Tuesday, January 20, 2009

Tenaga's Forex Losses

Posted last night: Tenaga may post RM1b quarterly loss

Received the following set of comments..

Jasonred79 said...
Let's look at it "profit from BUSINESS ACTIVITIES" perspective.

In 2007, Tenaga made RM1.5b ... partially due to a 242million gain on forex. (so that's 1.25 billion profit from biz)

In 2008, Tenaga lost 944 million, due to 1.44b loss on forex. Discounting that, they only made RM 500 million profit based on their business.

At the end of August 2008, Tenaga's US dollar-denominated debt amounted to 6.29 billion ringgit, while its Japanese yen-denominated debt was 4.5 billion ringgit.

There you go... basically, Tenaga's balance sheet get's whacked pretty badly whenever the RM slides against the USD and Yen. ... actually, Tenaga must be morons for borrowing in currencies which tend to strengthen... imagine if tenaga had borrowed in Zimbabwe money! Hahaha! By now, their debt would have shrunk to peanuts!

...

Personally, I don't like to look too much into forex gains and losses, since forex gain and loss can reverse anytime. Furthermore, from the perspective of an international investor, Even though tenaga's debt in RM terms has ballooned, it's debt in USD terms is pretty constant.

However, even discounting forex, it looks like profit slid from 1250 million to 500 million. How Tenaga managed that, considering the 27% jump in revenue, I DON'T KNOW.


=>>>>
Jason,

Let me share my flawed one sen view with you.

As mentioned before to you, I believe so much that one should always remember that what one's owe the bankers currently is based at current rates and if the borrowing is made on foreign currencies, what one OWES is based on the current exchange rates.

Think about it.

That's how I always view it.

Forex losses and gains are part of the existing economics of the particular business that indulges in foreign denominated fundings. And what one OWES is based on what the current forex rates.

For Tenaga case, one could argue last time, the positives about borrowing in Yen for it was a rather 'cheap' currency for one fundings needs. No one expected Yen to soar against the ringgit but it has.

Tenaga a fundamental stock?

Perhaps a fundamentally flawed stock if you ask me.

Of course I am always flawed.

1 comments:

Jasonred79 said...

True true... There are many different ways to look at it... the thing is, Tenaga basically has over RM10billion in Forex debt, so exchange rates swinging 10% either way is 1b profit loss... I do not blame TNB management for this forex loss. Nor will I heap praise on them if the RM strengthens against the USD and Yen, and TNB makes announcements that their profit jumped to RM3 billion! Or imagine if the Dollar collapses, as some people are hypothesizing... Tenaga might make windfall gains of RM3 billion not including their operating profit of RM1 billion?
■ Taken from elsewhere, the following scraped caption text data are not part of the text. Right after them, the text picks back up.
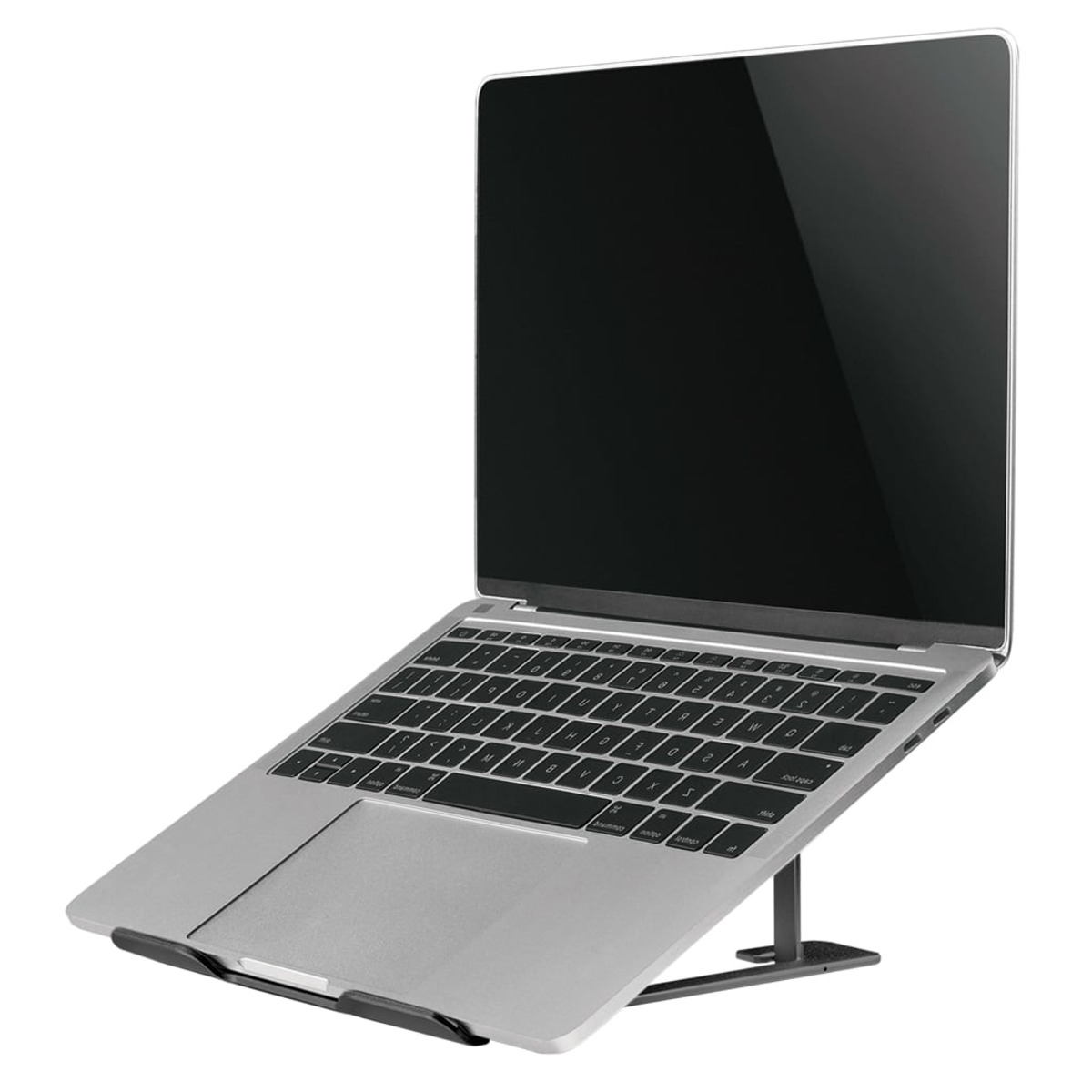 Laptop su un supporto. Laptop grigio, supporto nero. Tastiera e schermo visibili.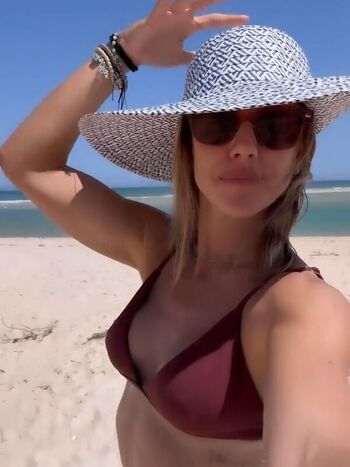 Full leaked Cristiane dias private onlyfans photo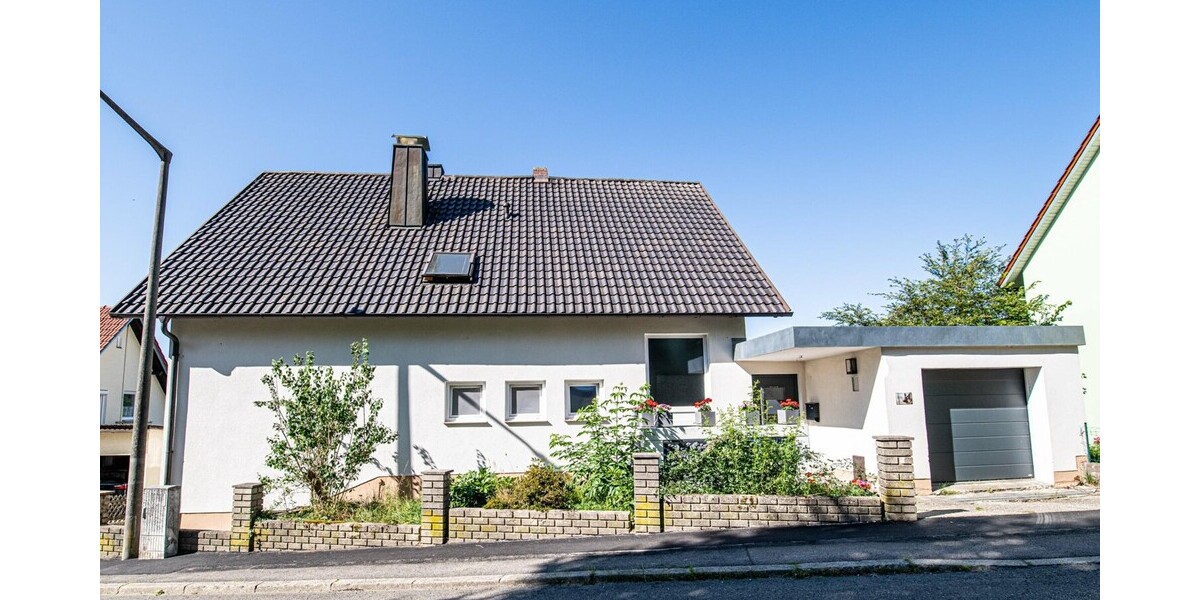 Vielseitiges Mehrfamilienhaus in Furth im Wald - Mehrfamilienhaus, Wohnhaus Furth im Wald | Angebot:27315678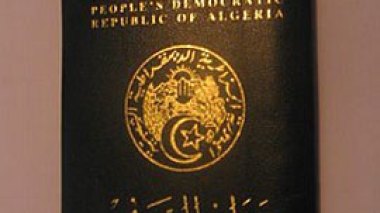 Des citoyens privés de passeports biométriques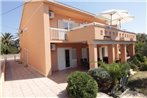 Apartments and rooms with parking space Novalja
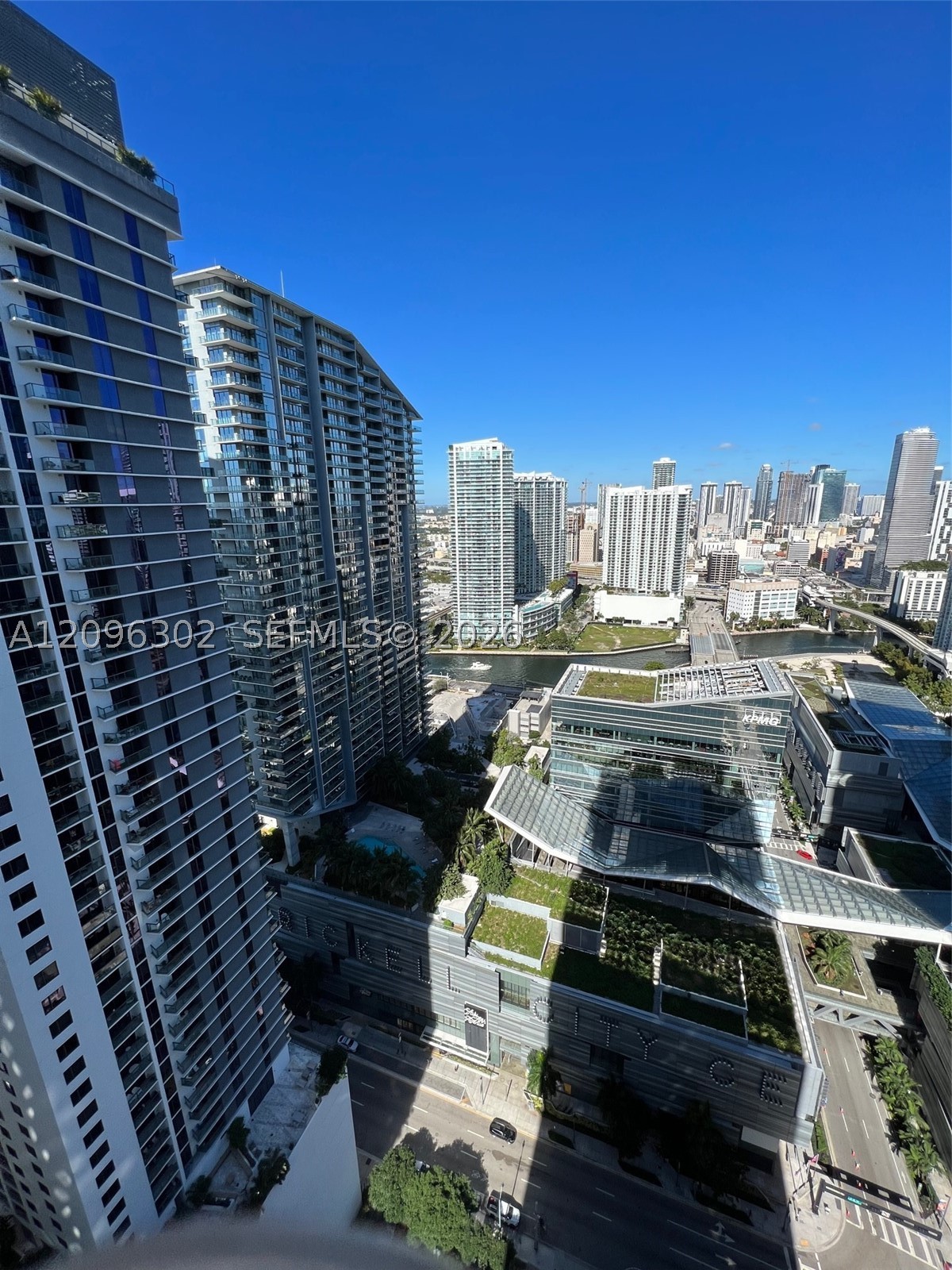 45 SW 9th St #3709, Miami FL 33130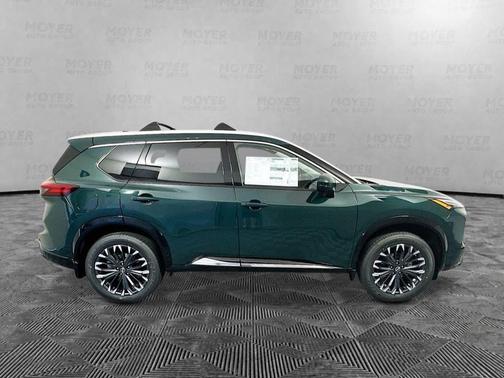 Obsidian Black 2026 Nissan Rogue Platinum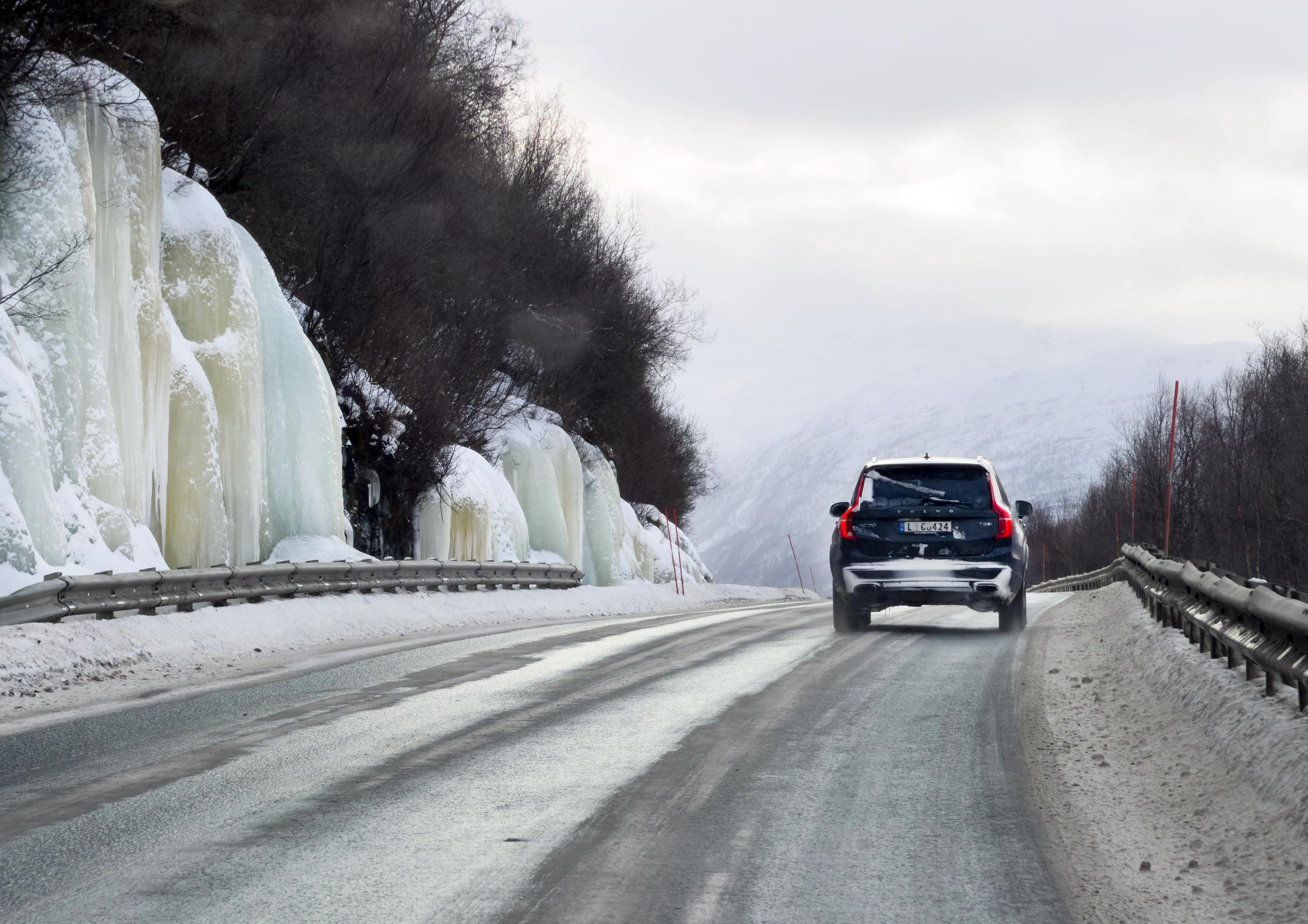 Winter driving - drive on the right side of the road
... Or the ringgit might drop like a rock, and they might make losses of billions of RM...

...

Basically, to me, during periods where the exchange rates are volatile is tatamount to someone walking into the casino and gambling their entire years salary on red or black. I think that performance either way does not reflect MANAGEMENT SKILL, but rather LUCK... or you could say it was stupidity on part of management to walk into casino in the first place!



Anyhow... you are right. Tenaga is fundamentally flawed. It is no longer a blue chip company.

The reason is simple: It's monopoly has been severely weakened, due to IPPs and tariff revisions and similiar. Furthermore, they have way too much foreign debt.

Basically, for a blue chip, you want CONSISTENT, reliable income. Tenaga is now a company that, instead of DICTATING price and thus profits, is more or less subject to a LOT of forces outside it's control.

Tariffs go up? watch profit go up. Tariffs down? profit drops. Forex gain. Forex loss. IPPs negotiate different price. Fuel prices fluctuate...

And these are not small movements. You can expect Tenaga's annual profit go anywhere from RM2 billion profit to RM2 billion loss.

...

I would no longer hold TNB in my long term portfolio... I would treat it like a 2nd board company. Buy on speculation of profit jump, sell on prediction of losses.

I wouldn't call the company fundamentally flawed though... NOT YET. But... the Tenaga of today is definitely not the Tenaga of 10-20 years ago. I wouldn't say it's THAT bad... yet... but it's definitely heading downhill.